Une bergère et ses animaux

« Salut les filles ! » : les premiers mots qu’on entend, au tout début du film ! Des mots que Stéphanie adresse à ses brebis en entrant dans la serre qu’elle a transformée en bergerie. Des mots qui sont le symbole de la relation qu’une bergère peut entretenir avec celles qu’elle qualifie de « collègues de travail ». A l’origine, Stéphanie Maubé se destinait à travailler dans le cinéma. Un week-end en Normandie a transformé sa vie, avec la découverte de l’élevage des moutons dans les prés salés de la côte ouest du Cotentin. Une formation d’un an au lycée agricole de Coutances, quelques stages chez des éleveurs, et la voici qui crée sa propre exploitation au bord d’un des 8 havres de la Côte des havres, celui de Saint-Germain-sur-Ay. A la tête d’un troupeau de 180 brebis et de 8 béliers, elle se réjouit de pouvoir travailler dans la nature, sans chef, avec des tâches différentes d’une saison à l’autre et même d’un jour à l’autre. En résumé, d’avoir donné un sens à sa vie.

La vie de « jeune bergère » n’est pas toujours rose, toutefois. C’est ainsi que la relation avec son compagnon (et père de son fils), qui, dans un premier temps, l’avait suivie en Normandie,  s’est très vite brisée : très parisien, il n’arrivait pas à assumer que les moutons « fassent caca » et qu’il leur arrive de mourir. Et puis il y a les tracasseries de l’administration, les prés salés où paissent les brebis appartenant à l’état, représenté par la Direction départementale des territoires et de la mer, une administration qui reproche à la jeune bergère d’ « être trop petite » mais qui, par ses réglementations, fait tout pour l’empêcher de grossir. Et puis les malveillances dirigées contre elle par certains voisins et que la gendarmerie ne prend pas au sérieux.
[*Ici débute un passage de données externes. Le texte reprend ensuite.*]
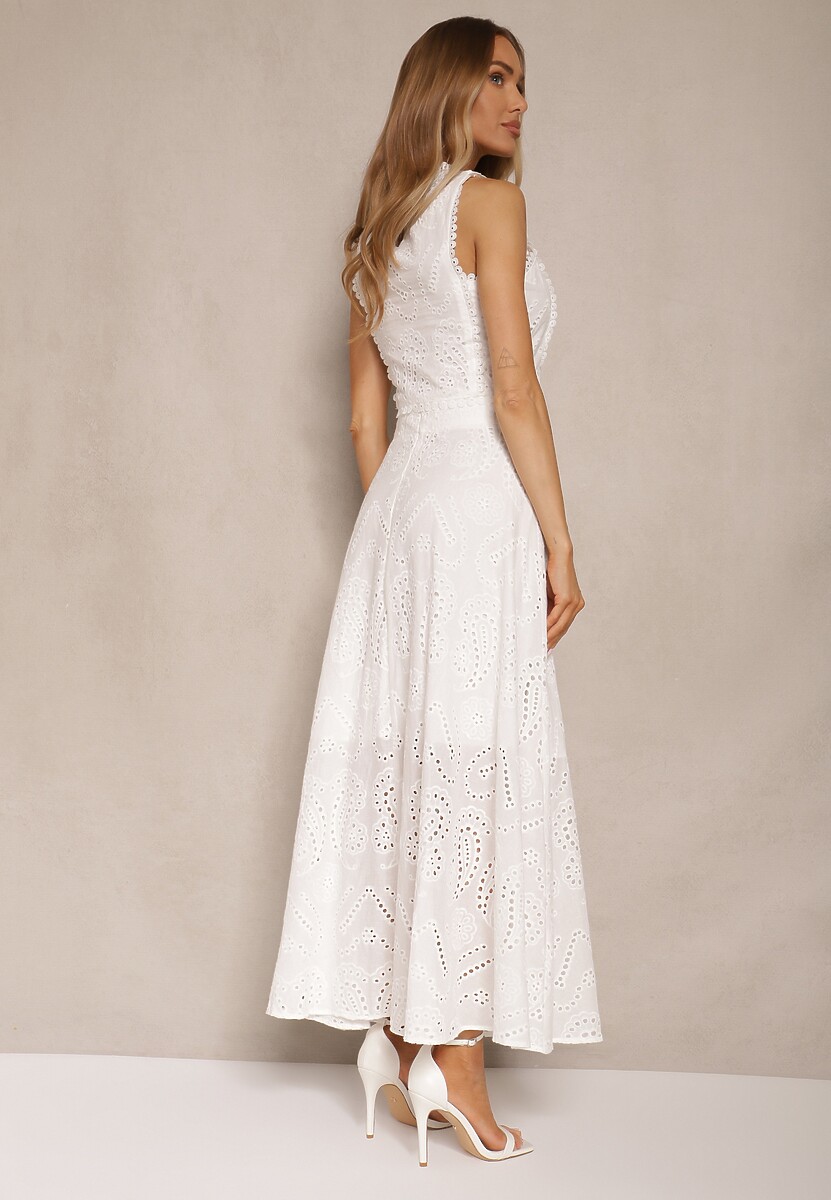 Biały Ażurowy Komplet z Haftowanej Tkaniny Top i Spódnica Salamira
Et puis les brebis « empruntées » par d’autres éleveurs et qu’elle ne revoit jamais alors qu’elle-même s’efforce d’être fair-play lorsqu’elle retrouve dans son troupeau des animaux qui ne lui appartiennent pas. Et puis, tout bêtement, le fait d’être une femme, et, en plus, de ne pas avoir une origine paysanne. Heureusement, Stéphanie ne manque pas d’idées et, grâce aux diversifications qu’elle a mises en œuvre dans ses activités, elle arrive à sortir la tête de l’eau.

Un film en immersion

C’est sous forme d’une immersion dans la vie de Stéphanie que Delphine Détrie a construit son film : elle même s’occupant de l’image et du son, pas de voix-off et, comme dans une fiction, c’est au spectateur de comprendre petit à petit ce qu’est la vie présente de Stéphanie et comment elle y est arrivée. Une séquence particulière contribue à faciliter cette compréhension : faite de questions  posées par les élèves d’une classe venue visiter le troupeau et la bergère, et de réponses apportées par cette dernière.

La façon de monter le film et les histoires de vol de brebis que nous raconte Stéphanie arrivent à donner un petit côté western à ce beau documentaire. A noter qu’on doit en grande partie ce film à un financement participatif via KissKissBankBank et à la décision de KMBO de distribuer le film en salles.

Conclusion

Il y a plusieurs façons pour le cinéma de s’introduire dans le monde de la paysannerie et, plus particulièrement, celui de l’élevage. En 2017, Hubert Charuel avait choisi la fiction pour Petit paysan, un film qui avait largement dépassé les 300 000 entrées dans l’hexagone. Delphine Détrie, elle, a choisi le documentaire, et on ne peut que souhaiter un succès équivalent à Jeune Bergère, un docu qui s’avère plus passionnant que bien des fictions.